Biblijny wzrost Kościoła i Tesaloniczan 3: 12-4: 12

Toledo Reformed Theological Conference
27 kwietnia 2002

jak możesz mieć rosnący Kościół? Zgodnie z reklamami w ostatnim numerze jednego z wybitnych magazynów ewangelickich, kościoły mogą się rozwijać, uczestnicząc w seminarium na temat skutecznego szkolenia przywódców Kościoła w lokalnym kościele; zamawiając nową literaturę ze szkółki niedzielnej; kupując sprzęt do komunikacji elektrycznej w sklepie w Alabamie; wybierając odpowiednią Biblię do nauki lub książkę chrześcijańską, odpowiedni college lub seminarium. Jedno z wybitnych seminariów, jeśli się zapisze, twierdzi, że ” upoważnia cię do zmieniania świata.”
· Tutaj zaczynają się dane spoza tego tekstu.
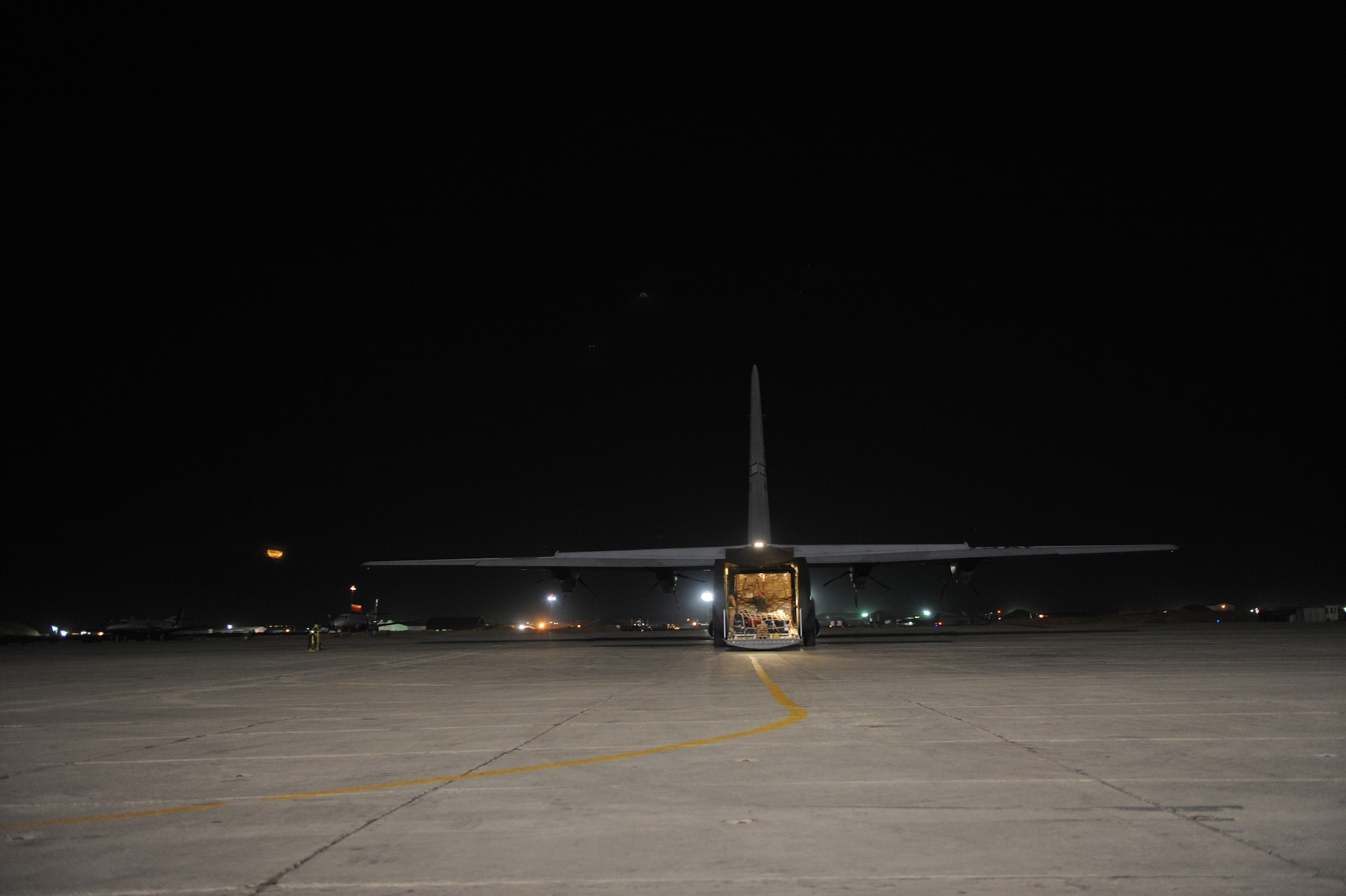 A C-130J Super Hercules waits for its crew to load all passengers and cargo  during a routine channel mission, Jan. 6 at Bagram Air Base Air Base, Afghanistan. The Aircraft and crew are deployed from Little Rock Air Force Base, Ark. As of Jan. 5, since their arrival almost 10 months ago, 772nd Airmen have delivered 13,991 tons of cargo; hauled 54,034 passengers; flown 5,557 hours; airlifted 255 patients; airdropped 1,167 tons of fuel , food, ammunition and water;  and conducted an emergency resupply.  (U.S. Air Force photo/Staff Sgt. Manuel J. Martinez)
U.S. Air Force/Staff Sgt. Manuel J. Martinez)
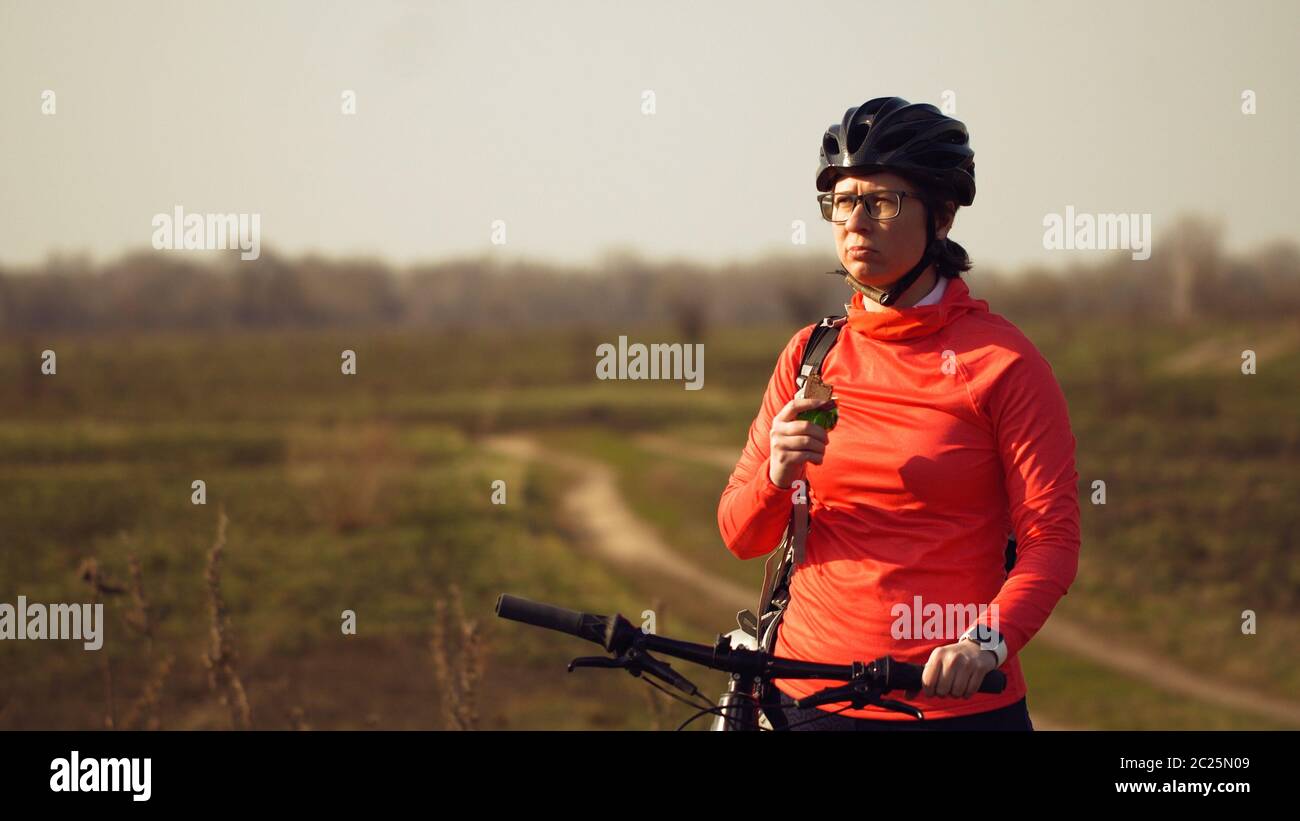 Athletic Caucasian woman eats protein bar ride on mountain bike on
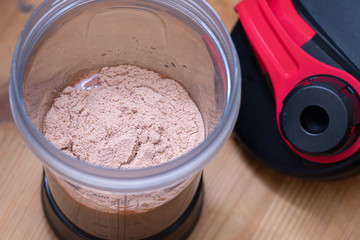 Chocolate whey protein powder a plastic shaker on wooden background.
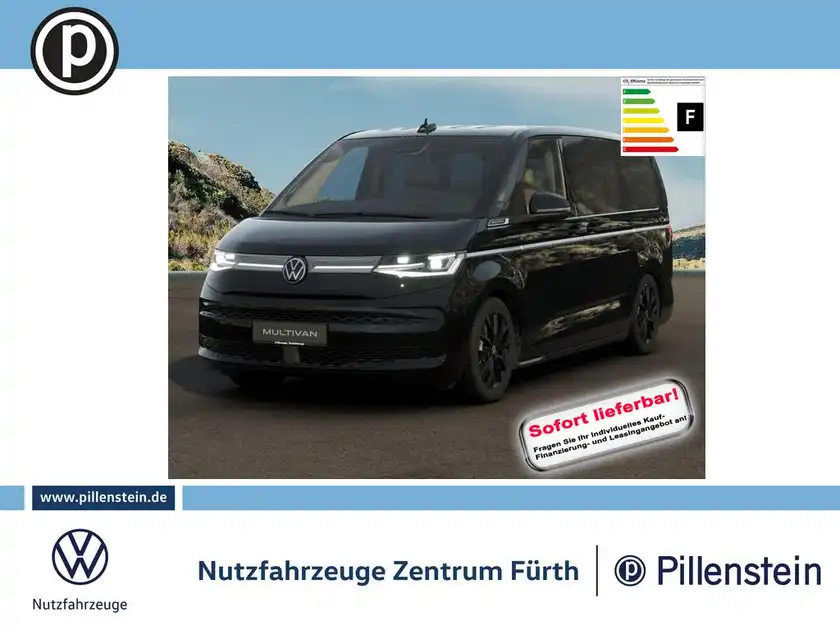 Das Bild zeigt einen schwarzen VW Multivan, aufgenommen von vorne. Das Händellogo ist eingeblendet und es gibt markante Texteinblendungen auf dem Bild.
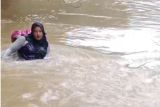 Viral, Seorang bidan nekat arungi sungai bertaruh nyawa untuk obati pasien di Pasaman (Video)
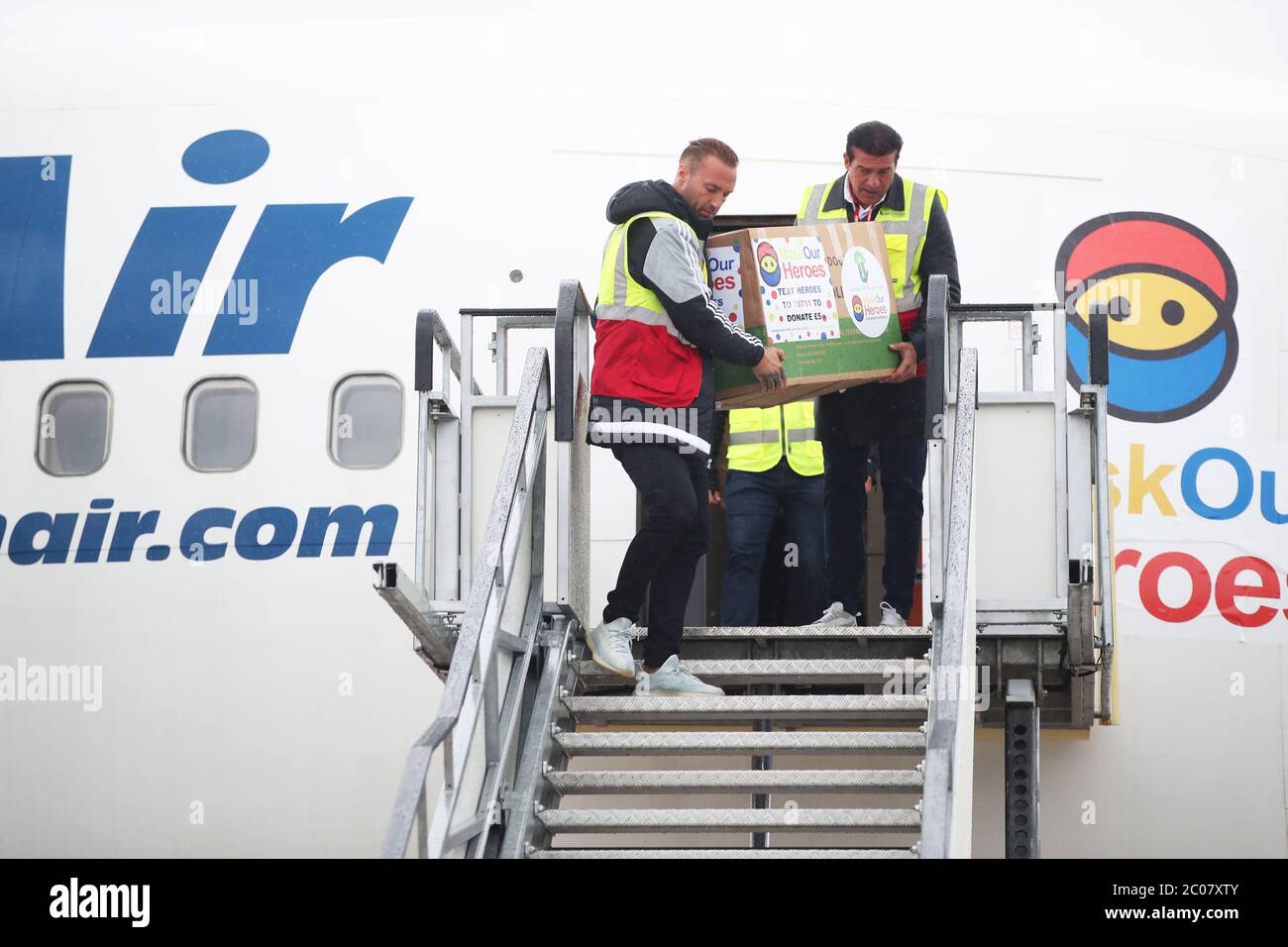 Calum Best (a sinistra) e Tamer Hassan aiutano a scaricare scatole di dispositivi di protezione personale (PPE) da un aereo all'aeroporto Robin Hood di Doncaster, nello Yorkshire del Sud. ??30,000 il valore di PPE è stato donato alla carità Mask Our Heroes, che è stata istituita dall'attore Tamer Hassan sulla scia dell'epidemia di coronavirus per aiutare a fornire i dispositivi di protezione di cui hanno bisogno ai lavoratori della prima linea NHS e della salute. Foto Stock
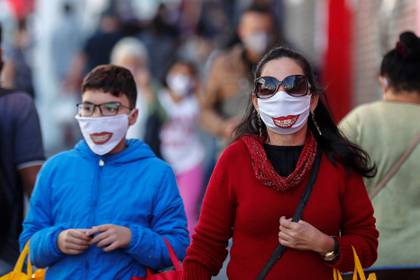Personas con tapabocas caminan frente a tiendas cerradas por la situación del coronavirus este viernes en la ciudad de Sao Paulo (Brasil). EFE/Sebastião Moreira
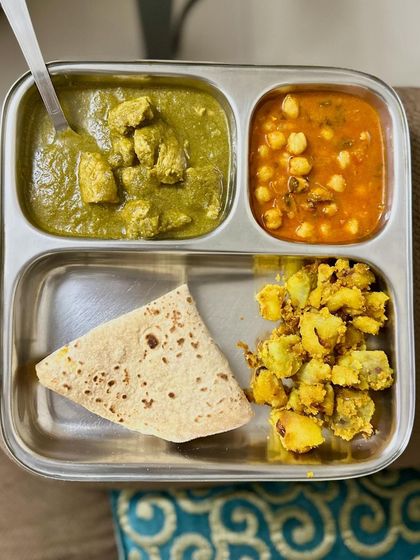 Another look at the delicious double-protein meal of chapati, chicken palak, chana masala, and sautéed potato.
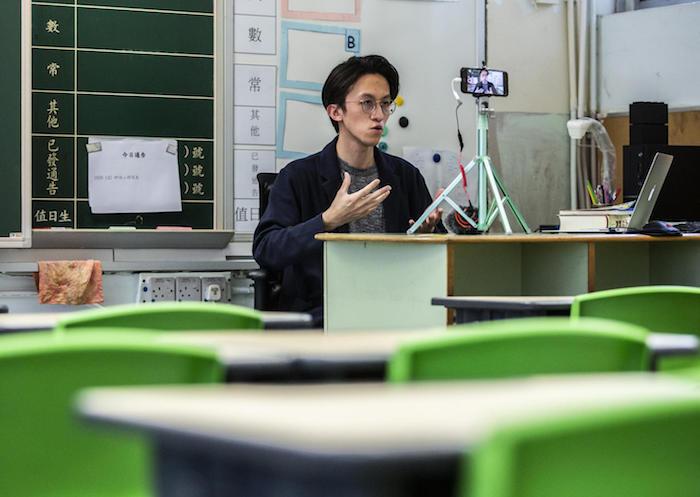 On March 6, 2020, primary school teacher Billy Yeung records a video lesson for his students who have had their classes suspended due to the COVID-19 coronavirus, in his empty classroom in Hong Kong. 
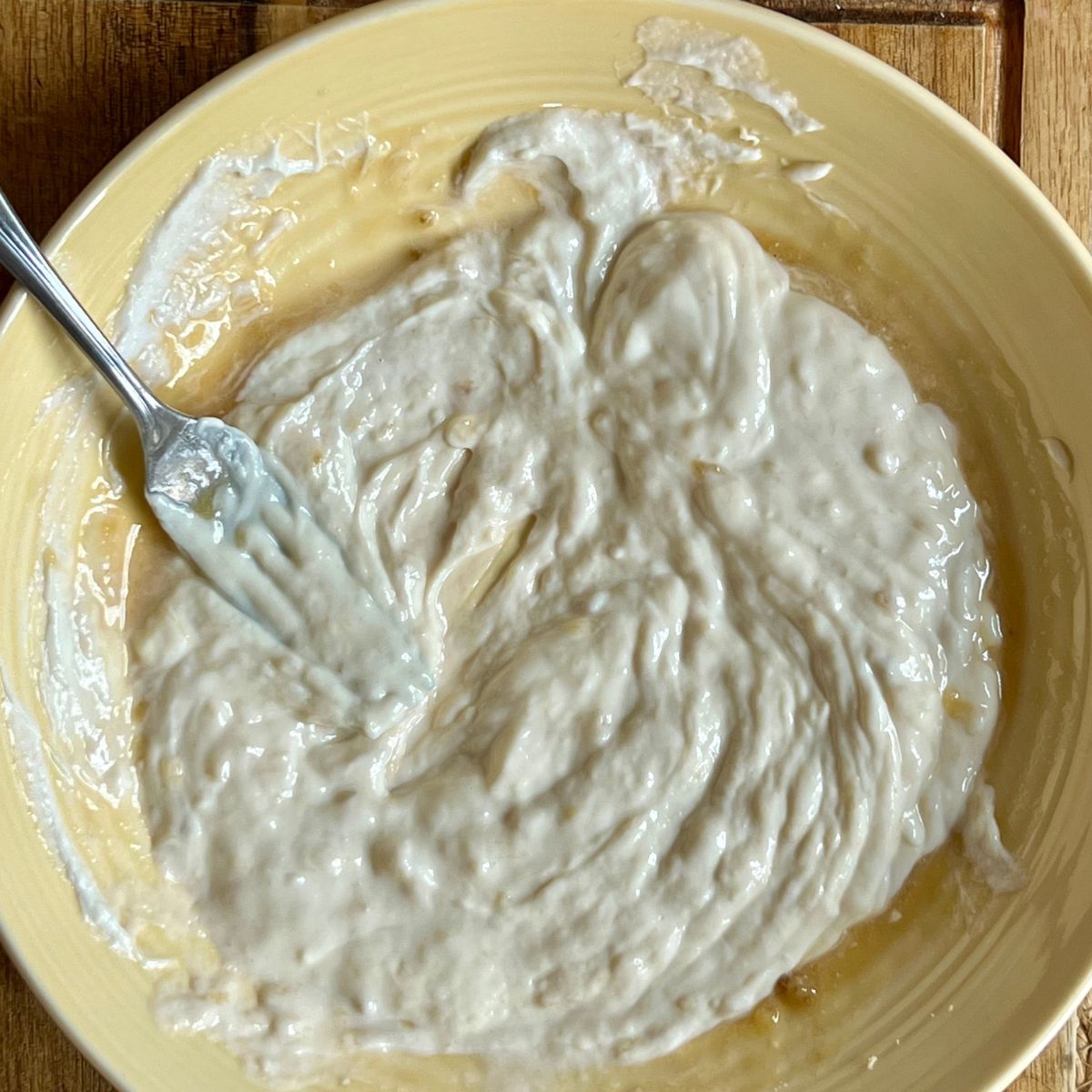 Creamy Banana protein pudding in a yellow bowl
rozwój Kościoła to dziś wielki biznes. Wielu ludzi, od biurokratów w upadających denominacjach, przez socjologów religii, po gorliwych młodych ewangelicznych pastorów, chciałoby wiedzieć, jaki jest rozwijający się kościół i jak go mieć.

apostoł Paweł wiedział, że zasadniczo rosnący Kościół składa się z rosnących chrześcijan. I tak poświęcił czas na modlitwę i pouczenie chrześcijan, których znał. I dzięki Bożej łasce Kościół rósł. Przejdźmy teraz do pierwszego listu Pawła do Tesaloniczan, począwszy od 3: 12.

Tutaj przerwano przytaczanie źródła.